*Exercise objective*. Please repeat the whole listing exactly, but leave out any picture it holds.

*Data below*.
########################################

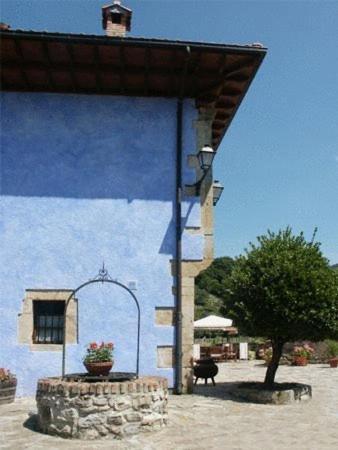 Hotel Rural Sucuevas (Adults Only) Llano-Con Bagian luar foto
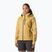 Segeljacke Damen Helly Hansen Crew Hooded 2.0 sand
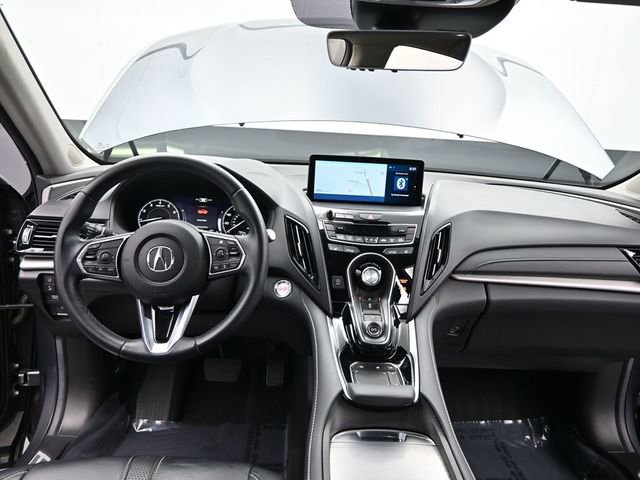 Used 2020 Acura RDX w/ Technology Package image 22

########################################

*Exercise solution*.
 Hotel Rural Sucuevas (Adults Only) Llano-Con Bagian luar foto
 Segeljacke Damen Helly Hansen Crew Hooded 2.0 sand
 Used 2020 Acura RDX w/ Technology Package image 22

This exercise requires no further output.